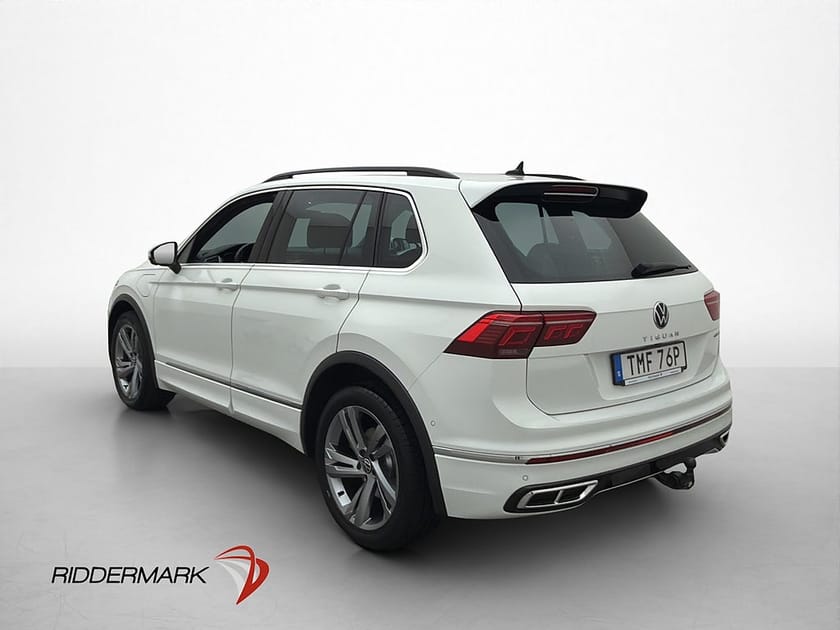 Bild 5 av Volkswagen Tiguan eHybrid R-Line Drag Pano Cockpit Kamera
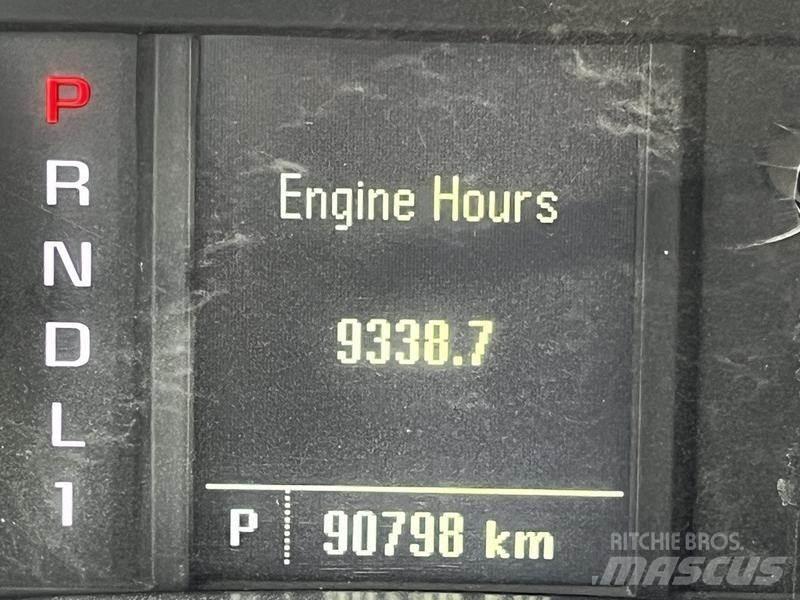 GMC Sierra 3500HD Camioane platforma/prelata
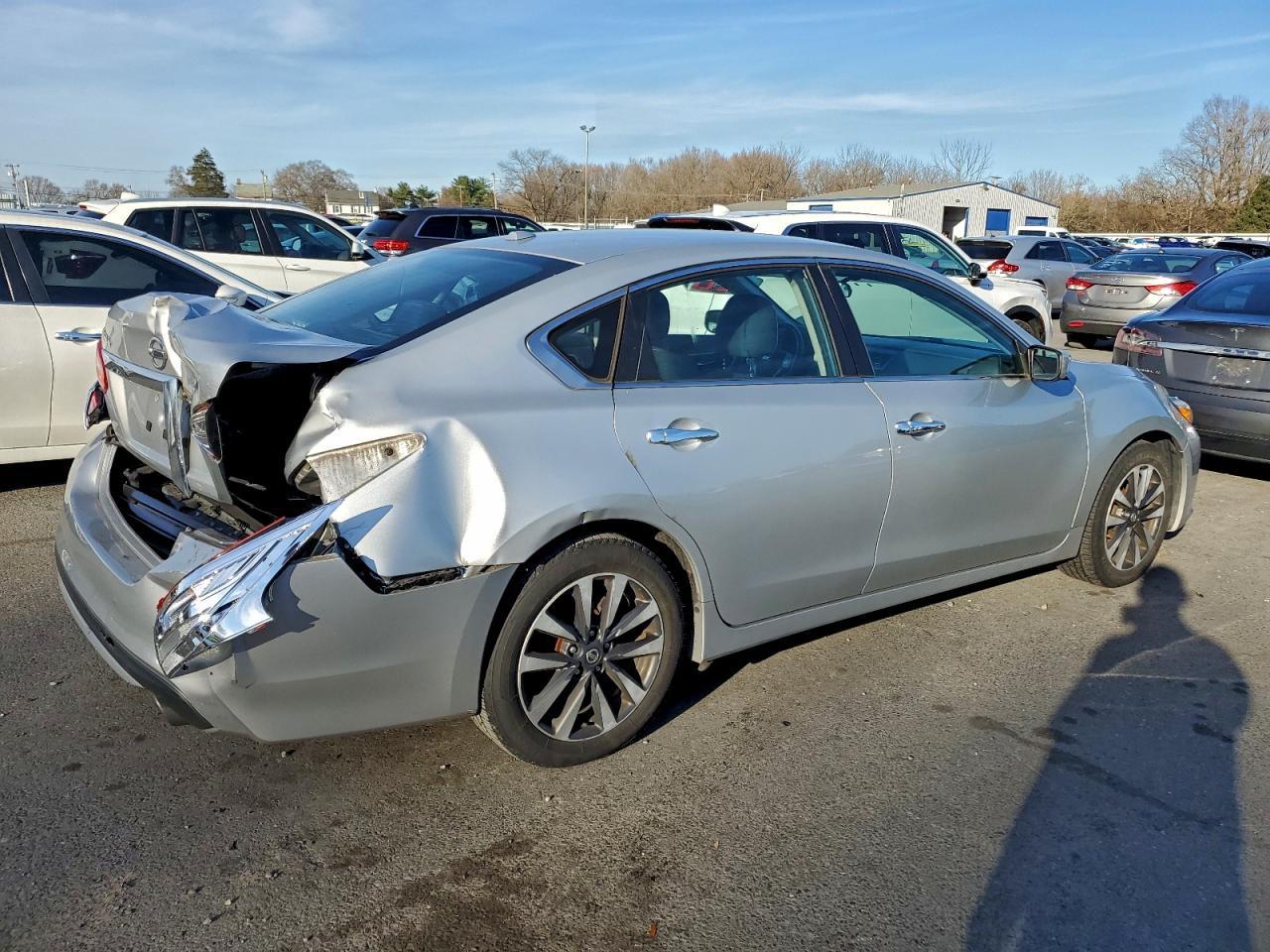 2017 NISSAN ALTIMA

== Work instruction ==
Print the listing exactly. No pictures belong in the copy.

== Exercise output ==
 Bild 5 av Volkswagen Tiguan eHybrid R-Line Drag Pano Cockpit Kamera
 GMC Sierra 3500HD Camioane platforma/prelata
 2017 NISSAN ALTIMA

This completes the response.